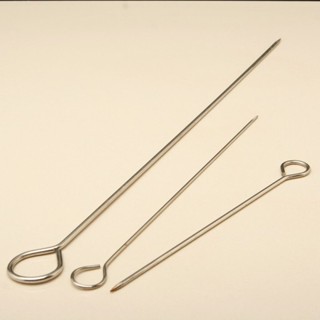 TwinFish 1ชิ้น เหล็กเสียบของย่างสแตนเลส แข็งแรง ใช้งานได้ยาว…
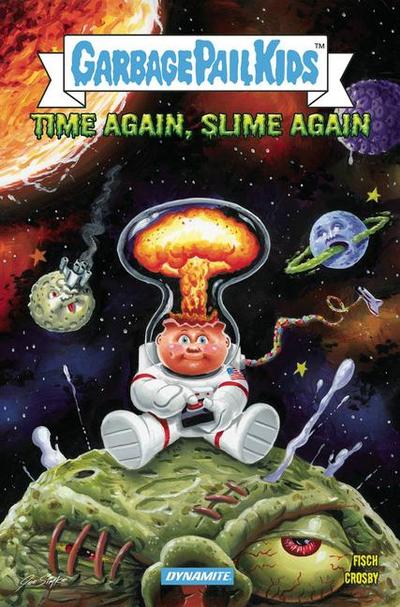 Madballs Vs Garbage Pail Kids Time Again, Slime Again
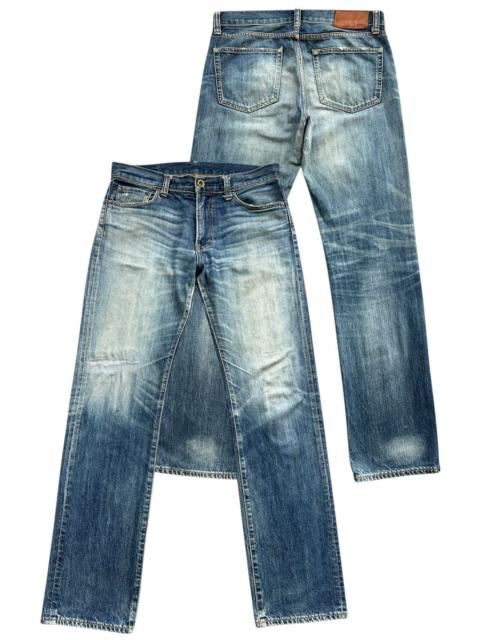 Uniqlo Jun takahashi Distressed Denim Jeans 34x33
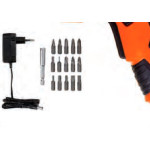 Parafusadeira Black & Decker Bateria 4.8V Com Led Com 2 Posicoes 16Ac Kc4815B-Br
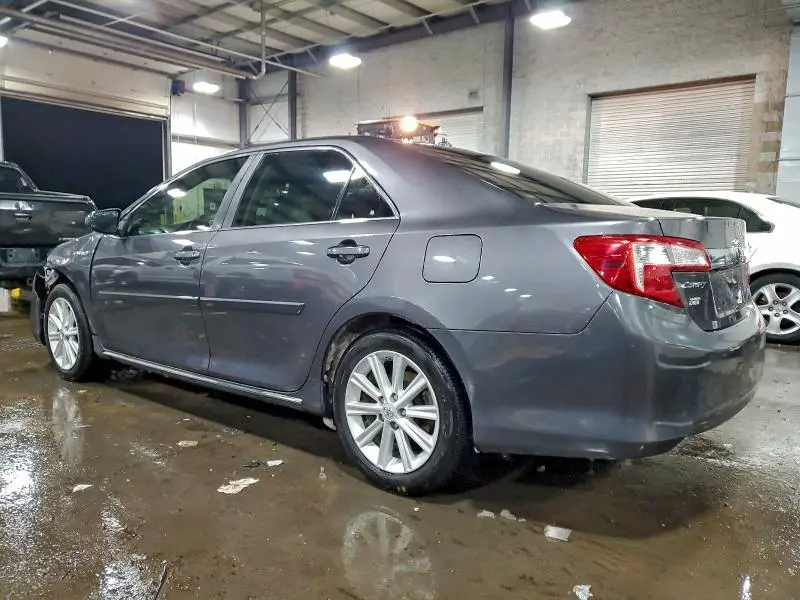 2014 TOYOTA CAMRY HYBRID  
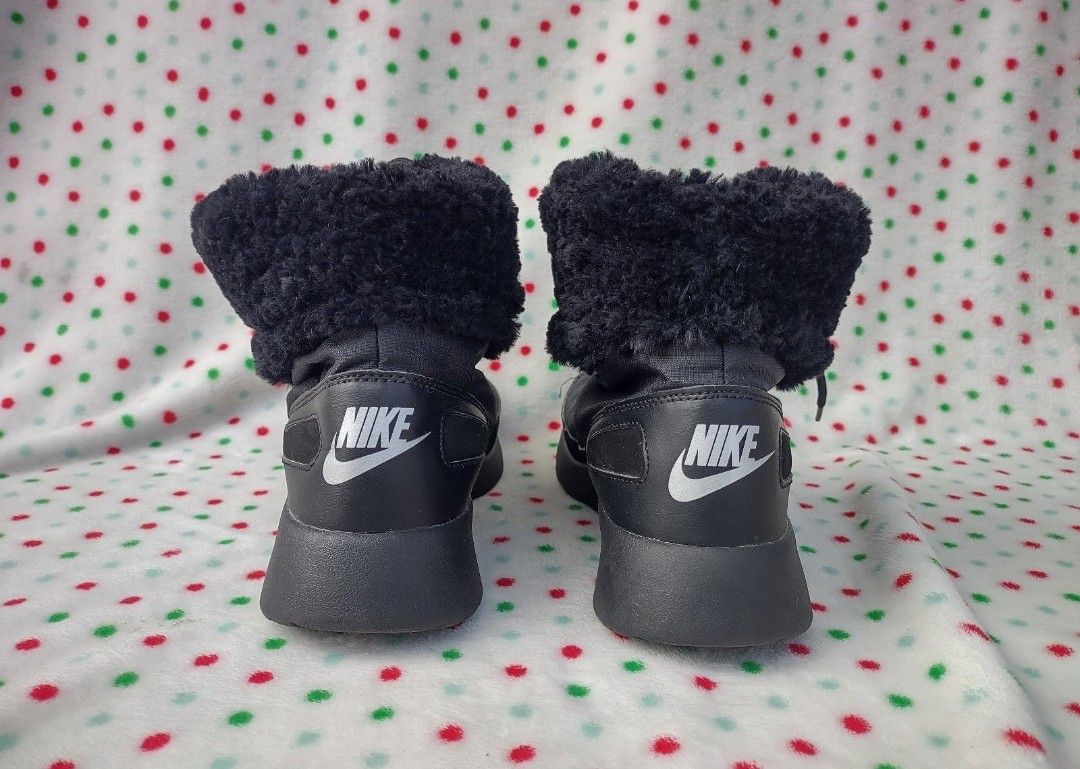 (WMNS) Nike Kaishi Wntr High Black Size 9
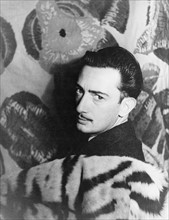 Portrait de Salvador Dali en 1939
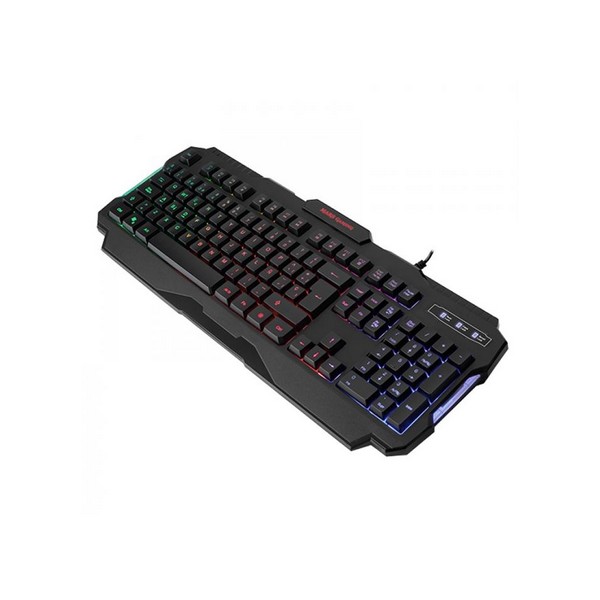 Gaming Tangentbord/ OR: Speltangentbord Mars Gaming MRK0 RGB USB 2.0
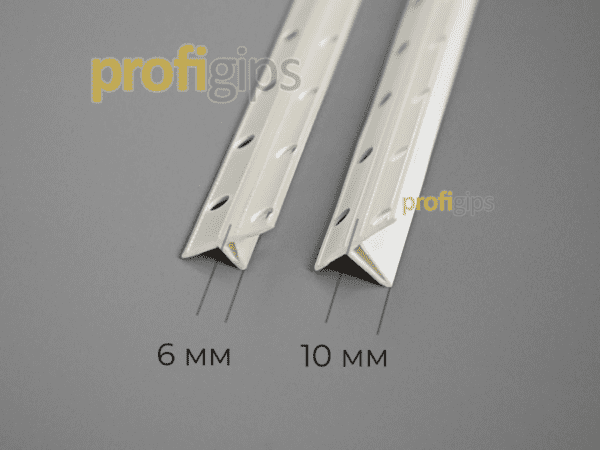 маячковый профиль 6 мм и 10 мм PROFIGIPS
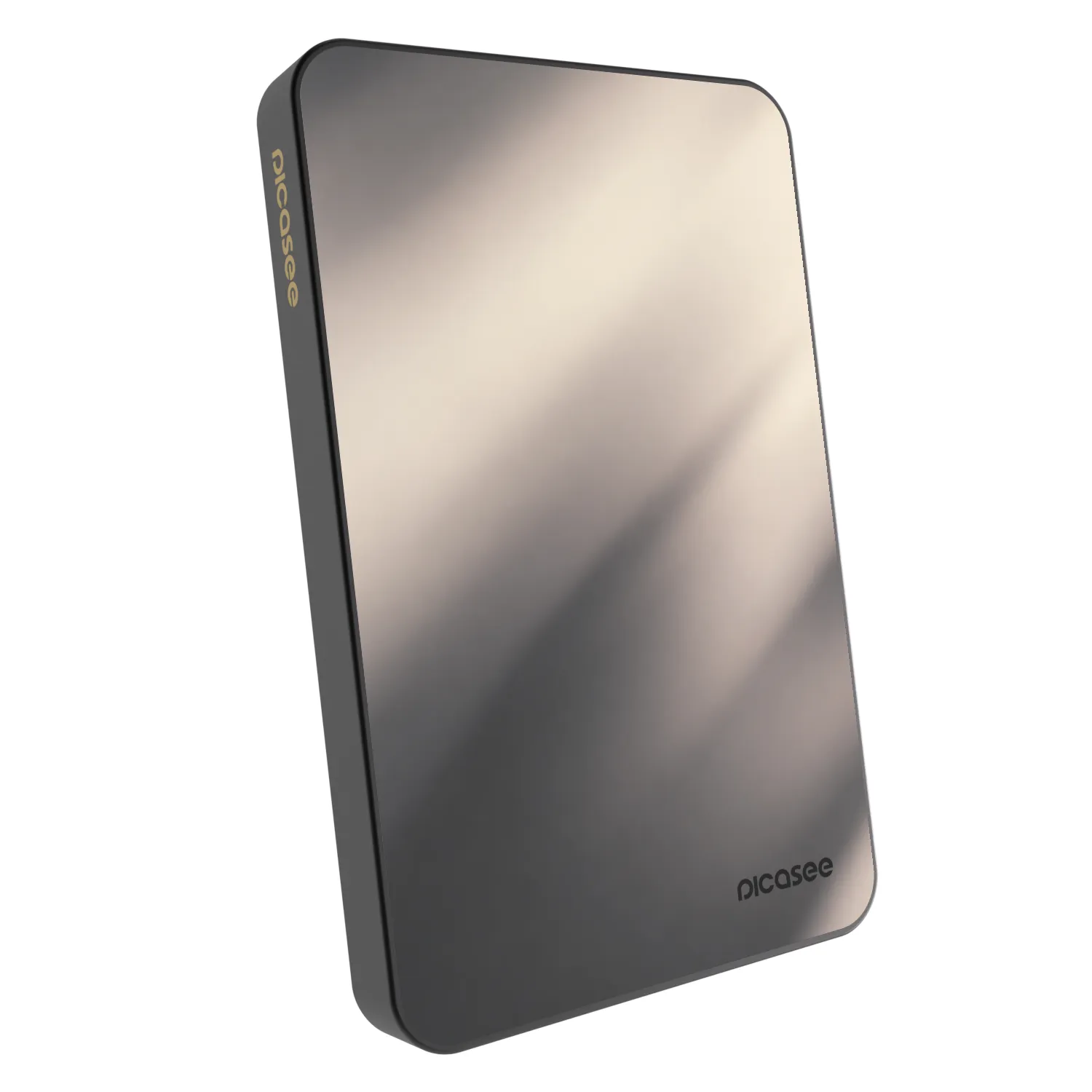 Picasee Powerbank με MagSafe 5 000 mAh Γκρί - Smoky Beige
————————
Your task is to print exactly the lines from the one containing "Parafusadeira Black &" through the final line of the records above, with no pictures and nothing more.

◆ PROBLEM SOLUTION ◆
 Parafusadeira Black & Decker Bateria 4.8V Com Led Com 2 Posicoes 16Ac Kc4815B-Br
 2014 TOYOTA CAMRY HYBRID  
 (WMNS) Nike Kaishi Wntr High Black Size 9
 Portrait de Salvador Dali en 1939
 Gaming Tangentbord/ OR: Speltangentbord Mars Gaming MRK0 RGB USB 2.0
 маячковый профиль 6 мм и 10 мм PROFIGIPS
 Picasee Powerbank με MagSafe 5 000 mAh Γκρί - Smoky Beige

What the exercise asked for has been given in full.